Limitations & Future Work¶
- Dependency on Offline VLM/CLIP Quality: The prototype pool is built from LLaVA descriptions and CLIP filtering. Any noise in descriptions or CLIP alignment bias is solidified into the prototypes.
- Prototype Pool Scale: 6003 prototypes incur non-negligible memory and look-up overhead. The trade-off between representation and cost still has room for optimization.
- Limited Adaptability to Distribution Shift: While momentum updates help, the prototype skeleton is fixed during the offline phase, which might limit adaptation to entirely new semantic distributions not covered by the training set.
- Possible Typo in Table 4: The original text labels two columns as \(AP^{novel}_{50}\); the second should likely be \(AP^{base}_{50}\) based on context.
Related Work & Insights¶
- vs. ViLD / DK-DETR (Distillation Path): These distill VLM text embeddings into the detector, but inference remains coupled with a text encoder. DeCo-DETR solidifies semantics into offline prototypes, excelling in both latency and novel AP.
- vs. Grounding DINO (Fusion Path): Grounding DINO relies on BERT-Base online (~280ms). DeCo-DETR is vision-centric and runs at 135ms (~2× faster) with competitive accuracy.

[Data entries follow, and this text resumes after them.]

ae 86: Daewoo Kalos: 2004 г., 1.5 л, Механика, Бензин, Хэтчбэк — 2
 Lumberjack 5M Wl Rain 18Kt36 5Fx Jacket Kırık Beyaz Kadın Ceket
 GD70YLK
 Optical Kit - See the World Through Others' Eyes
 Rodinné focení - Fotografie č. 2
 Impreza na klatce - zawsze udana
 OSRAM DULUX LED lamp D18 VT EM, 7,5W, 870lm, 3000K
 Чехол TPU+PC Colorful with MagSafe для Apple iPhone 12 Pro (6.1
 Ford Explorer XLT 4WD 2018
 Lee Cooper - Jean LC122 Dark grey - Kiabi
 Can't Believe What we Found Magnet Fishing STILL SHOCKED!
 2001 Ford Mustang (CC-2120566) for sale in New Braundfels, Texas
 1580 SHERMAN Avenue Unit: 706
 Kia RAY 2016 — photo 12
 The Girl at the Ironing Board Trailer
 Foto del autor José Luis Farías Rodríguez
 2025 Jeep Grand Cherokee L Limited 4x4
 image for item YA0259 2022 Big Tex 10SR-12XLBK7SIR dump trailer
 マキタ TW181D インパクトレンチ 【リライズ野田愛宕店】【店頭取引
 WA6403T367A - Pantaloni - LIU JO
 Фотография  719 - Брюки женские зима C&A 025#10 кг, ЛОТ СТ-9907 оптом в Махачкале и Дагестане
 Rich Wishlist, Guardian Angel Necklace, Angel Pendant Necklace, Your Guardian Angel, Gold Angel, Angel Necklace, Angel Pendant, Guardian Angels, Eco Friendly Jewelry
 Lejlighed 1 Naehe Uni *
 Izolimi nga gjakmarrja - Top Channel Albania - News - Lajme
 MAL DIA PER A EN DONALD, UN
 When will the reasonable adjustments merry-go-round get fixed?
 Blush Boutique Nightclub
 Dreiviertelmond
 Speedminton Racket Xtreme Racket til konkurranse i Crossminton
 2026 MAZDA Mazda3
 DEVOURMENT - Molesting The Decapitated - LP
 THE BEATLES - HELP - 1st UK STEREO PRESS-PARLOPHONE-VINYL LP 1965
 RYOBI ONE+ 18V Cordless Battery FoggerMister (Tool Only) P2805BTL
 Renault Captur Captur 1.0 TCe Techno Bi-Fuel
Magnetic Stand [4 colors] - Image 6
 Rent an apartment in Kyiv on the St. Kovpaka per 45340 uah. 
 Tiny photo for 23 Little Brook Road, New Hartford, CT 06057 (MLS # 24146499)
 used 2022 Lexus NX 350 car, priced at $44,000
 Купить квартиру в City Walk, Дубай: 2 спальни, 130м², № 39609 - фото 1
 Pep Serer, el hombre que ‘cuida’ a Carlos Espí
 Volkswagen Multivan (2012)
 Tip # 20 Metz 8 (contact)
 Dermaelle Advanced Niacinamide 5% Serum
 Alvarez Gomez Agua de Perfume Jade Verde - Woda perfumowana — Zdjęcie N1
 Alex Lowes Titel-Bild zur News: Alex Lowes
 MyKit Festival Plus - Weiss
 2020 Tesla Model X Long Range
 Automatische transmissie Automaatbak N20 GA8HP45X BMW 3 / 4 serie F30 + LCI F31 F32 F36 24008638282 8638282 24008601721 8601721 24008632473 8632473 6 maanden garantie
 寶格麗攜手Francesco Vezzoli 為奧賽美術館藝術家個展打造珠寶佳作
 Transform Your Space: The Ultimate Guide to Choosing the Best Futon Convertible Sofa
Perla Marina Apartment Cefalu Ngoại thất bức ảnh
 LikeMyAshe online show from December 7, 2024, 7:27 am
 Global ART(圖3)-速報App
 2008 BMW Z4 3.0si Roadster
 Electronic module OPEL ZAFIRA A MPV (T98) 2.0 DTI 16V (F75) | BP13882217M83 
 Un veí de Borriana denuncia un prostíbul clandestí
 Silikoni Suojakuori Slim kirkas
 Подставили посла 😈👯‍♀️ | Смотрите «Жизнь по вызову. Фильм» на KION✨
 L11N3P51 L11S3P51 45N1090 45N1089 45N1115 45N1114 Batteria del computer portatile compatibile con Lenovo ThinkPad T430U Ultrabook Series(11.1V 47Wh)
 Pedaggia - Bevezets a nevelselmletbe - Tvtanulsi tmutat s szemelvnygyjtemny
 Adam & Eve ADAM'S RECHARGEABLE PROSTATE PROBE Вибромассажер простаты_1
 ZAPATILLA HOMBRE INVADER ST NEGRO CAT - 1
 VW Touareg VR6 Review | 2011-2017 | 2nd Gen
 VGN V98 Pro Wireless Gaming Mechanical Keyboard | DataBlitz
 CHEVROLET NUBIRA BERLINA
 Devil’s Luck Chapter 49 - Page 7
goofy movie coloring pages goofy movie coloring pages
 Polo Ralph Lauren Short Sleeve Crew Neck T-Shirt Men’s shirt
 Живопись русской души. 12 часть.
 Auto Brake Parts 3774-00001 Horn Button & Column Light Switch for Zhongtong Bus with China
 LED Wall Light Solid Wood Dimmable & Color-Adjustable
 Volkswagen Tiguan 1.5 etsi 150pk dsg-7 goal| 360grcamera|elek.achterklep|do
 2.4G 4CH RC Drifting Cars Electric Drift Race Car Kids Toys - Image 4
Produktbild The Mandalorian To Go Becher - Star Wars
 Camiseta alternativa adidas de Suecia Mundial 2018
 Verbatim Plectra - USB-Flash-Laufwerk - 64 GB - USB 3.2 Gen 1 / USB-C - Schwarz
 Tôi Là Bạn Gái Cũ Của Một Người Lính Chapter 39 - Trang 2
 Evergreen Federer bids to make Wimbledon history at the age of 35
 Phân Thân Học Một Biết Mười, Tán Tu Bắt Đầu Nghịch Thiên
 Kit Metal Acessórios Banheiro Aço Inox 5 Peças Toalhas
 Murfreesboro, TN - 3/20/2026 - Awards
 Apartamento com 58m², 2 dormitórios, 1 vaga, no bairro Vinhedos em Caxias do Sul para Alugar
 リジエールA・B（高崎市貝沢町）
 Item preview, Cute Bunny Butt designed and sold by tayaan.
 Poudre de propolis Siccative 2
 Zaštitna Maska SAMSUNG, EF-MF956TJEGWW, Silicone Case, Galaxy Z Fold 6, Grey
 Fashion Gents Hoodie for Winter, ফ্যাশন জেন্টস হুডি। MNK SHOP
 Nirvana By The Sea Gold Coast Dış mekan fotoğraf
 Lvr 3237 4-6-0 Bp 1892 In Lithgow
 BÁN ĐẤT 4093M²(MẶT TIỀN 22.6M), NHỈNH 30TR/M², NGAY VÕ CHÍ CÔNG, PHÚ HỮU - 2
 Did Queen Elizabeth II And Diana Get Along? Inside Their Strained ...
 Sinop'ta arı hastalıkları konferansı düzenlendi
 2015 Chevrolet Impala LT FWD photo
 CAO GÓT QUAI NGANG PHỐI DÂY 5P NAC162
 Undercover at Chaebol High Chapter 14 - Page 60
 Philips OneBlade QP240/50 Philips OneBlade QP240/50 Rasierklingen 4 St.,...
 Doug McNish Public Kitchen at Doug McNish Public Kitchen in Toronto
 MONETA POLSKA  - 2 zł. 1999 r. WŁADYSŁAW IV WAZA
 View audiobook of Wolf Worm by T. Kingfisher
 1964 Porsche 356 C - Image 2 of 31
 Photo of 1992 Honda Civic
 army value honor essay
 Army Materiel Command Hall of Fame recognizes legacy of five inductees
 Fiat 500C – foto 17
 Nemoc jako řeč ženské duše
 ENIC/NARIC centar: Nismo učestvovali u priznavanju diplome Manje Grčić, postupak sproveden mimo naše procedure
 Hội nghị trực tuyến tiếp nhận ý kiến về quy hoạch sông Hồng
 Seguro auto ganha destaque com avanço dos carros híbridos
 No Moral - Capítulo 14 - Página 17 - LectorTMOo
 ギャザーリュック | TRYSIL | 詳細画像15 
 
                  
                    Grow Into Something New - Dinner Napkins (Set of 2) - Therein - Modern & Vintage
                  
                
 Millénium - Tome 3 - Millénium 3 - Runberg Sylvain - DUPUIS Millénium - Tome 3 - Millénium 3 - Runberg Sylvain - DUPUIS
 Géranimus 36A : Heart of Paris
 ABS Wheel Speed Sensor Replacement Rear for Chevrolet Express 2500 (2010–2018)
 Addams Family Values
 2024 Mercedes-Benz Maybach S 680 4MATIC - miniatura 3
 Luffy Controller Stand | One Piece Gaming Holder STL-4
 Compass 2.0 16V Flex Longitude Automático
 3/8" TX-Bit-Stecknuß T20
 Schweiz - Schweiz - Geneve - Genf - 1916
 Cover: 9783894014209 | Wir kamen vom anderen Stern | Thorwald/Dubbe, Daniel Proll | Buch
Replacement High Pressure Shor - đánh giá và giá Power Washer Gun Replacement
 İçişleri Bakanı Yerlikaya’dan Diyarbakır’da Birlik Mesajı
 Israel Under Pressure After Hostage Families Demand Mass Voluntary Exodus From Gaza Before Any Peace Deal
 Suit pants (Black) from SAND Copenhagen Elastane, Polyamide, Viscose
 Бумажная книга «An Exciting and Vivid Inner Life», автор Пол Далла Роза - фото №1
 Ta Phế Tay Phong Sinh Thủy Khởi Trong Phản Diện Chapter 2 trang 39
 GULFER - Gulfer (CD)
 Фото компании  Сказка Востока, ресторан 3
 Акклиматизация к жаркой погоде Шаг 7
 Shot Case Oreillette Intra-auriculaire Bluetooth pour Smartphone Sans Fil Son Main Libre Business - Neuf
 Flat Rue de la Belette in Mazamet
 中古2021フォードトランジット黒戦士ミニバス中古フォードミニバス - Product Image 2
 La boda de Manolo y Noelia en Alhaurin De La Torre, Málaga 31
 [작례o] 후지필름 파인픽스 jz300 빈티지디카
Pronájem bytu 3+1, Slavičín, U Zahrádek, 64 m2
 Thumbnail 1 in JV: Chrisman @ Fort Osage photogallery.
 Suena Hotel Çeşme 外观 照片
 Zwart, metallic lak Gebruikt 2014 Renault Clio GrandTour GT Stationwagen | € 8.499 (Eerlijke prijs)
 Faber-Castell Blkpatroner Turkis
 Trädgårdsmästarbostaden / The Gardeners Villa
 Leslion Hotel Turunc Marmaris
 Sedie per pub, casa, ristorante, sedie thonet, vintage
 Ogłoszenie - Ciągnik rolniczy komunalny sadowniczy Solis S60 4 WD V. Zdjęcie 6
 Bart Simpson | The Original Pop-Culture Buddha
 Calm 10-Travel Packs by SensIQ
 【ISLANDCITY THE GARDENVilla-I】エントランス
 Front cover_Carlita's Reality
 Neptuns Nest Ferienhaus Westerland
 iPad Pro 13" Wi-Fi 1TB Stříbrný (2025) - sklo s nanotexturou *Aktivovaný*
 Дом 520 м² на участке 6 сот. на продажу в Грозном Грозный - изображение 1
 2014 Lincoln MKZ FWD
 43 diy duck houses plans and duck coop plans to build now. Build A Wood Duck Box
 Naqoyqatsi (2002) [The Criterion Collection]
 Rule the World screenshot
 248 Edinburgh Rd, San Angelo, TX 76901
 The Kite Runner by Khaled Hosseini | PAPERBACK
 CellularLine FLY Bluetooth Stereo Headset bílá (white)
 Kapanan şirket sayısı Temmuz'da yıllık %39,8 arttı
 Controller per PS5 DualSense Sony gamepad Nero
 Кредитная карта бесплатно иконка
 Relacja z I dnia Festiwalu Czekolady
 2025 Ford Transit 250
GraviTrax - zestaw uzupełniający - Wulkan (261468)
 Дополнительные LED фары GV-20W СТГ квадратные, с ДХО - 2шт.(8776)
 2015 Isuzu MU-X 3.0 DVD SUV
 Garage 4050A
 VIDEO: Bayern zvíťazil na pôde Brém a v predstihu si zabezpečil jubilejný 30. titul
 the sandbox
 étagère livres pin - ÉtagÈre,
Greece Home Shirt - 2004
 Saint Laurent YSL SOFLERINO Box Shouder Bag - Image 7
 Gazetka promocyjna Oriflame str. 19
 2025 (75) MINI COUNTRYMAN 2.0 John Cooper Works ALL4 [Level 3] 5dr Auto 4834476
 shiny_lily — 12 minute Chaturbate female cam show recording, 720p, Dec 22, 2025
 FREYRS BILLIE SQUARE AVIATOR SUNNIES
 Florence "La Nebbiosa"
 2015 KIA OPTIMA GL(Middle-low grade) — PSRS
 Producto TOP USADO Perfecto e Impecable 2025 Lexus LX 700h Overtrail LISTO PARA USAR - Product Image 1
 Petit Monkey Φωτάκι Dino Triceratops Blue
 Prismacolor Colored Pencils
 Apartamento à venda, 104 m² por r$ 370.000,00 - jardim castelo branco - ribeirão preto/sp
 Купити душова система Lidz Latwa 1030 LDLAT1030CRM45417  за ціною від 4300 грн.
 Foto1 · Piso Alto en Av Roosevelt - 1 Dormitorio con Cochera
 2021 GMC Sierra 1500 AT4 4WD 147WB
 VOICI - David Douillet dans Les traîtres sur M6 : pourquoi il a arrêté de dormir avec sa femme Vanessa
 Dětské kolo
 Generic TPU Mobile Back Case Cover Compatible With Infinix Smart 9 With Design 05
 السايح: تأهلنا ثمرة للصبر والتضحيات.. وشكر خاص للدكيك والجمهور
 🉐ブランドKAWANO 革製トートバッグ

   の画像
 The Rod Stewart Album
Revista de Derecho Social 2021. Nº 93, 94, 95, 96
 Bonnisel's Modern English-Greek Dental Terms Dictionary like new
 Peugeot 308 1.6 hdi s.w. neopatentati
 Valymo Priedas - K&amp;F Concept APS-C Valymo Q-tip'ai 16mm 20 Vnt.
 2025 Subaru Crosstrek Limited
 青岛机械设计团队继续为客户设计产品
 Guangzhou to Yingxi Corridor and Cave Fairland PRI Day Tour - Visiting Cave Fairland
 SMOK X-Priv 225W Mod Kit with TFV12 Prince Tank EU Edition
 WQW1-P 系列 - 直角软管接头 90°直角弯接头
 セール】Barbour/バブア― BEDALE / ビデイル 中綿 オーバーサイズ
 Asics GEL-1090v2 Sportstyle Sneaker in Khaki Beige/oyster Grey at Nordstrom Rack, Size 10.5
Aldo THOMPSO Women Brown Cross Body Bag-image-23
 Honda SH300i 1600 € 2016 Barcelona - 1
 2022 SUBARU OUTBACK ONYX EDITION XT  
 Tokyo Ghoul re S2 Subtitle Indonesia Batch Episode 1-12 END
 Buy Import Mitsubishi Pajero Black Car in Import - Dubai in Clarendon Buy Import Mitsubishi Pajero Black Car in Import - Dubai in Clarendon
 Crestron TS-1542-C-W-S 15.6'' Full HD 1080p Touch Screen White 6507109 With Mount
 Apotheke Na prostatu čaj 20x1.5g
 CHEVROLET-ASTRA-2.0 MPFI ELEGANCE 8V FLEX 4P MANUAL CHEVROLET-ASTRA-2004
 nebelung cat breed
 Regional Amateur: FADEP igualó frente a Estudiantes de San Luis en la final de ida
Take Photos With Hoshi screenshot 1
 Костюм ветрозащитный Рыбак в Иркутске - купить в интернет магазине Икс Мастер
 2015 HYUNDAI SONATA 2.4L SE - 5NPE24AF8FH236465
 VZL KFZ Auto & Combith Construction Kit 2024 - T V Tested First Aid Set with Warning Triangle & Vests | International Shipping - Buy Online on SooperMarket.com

- vs. CAKE: CAKE also attempts to reduce text dependency but struggles with fine-grained detection. DeCo-DETR outperforms CAKE by 3--6 points in novel AP across multiple OV-COCO settings due to hierarchical prototypes.
Rating¶
- Novelty: ⭐⭐⭐⭐ The dual decoupling (offline prototypes replacing online encoders + dual-stream gradient isolation) is a clear and convincing combined innovation.
- Experimental Thoroughness: ⭐⭐⭐⭐ Covers four OV-COCO settings + OV-LVIS + three backbones + multidimensional ablations.
- Writing Quality: ⭐⭐⭐⭐ Logical flow from motivation to experiment is sound, though minor typos exist in tables.
- Value: ⭐⭐⭐⭐ Provides a highly efficient "zero-text-encoder" direction for OVOD, significant for engineering deployment of DETR-based open-vocabulary detection.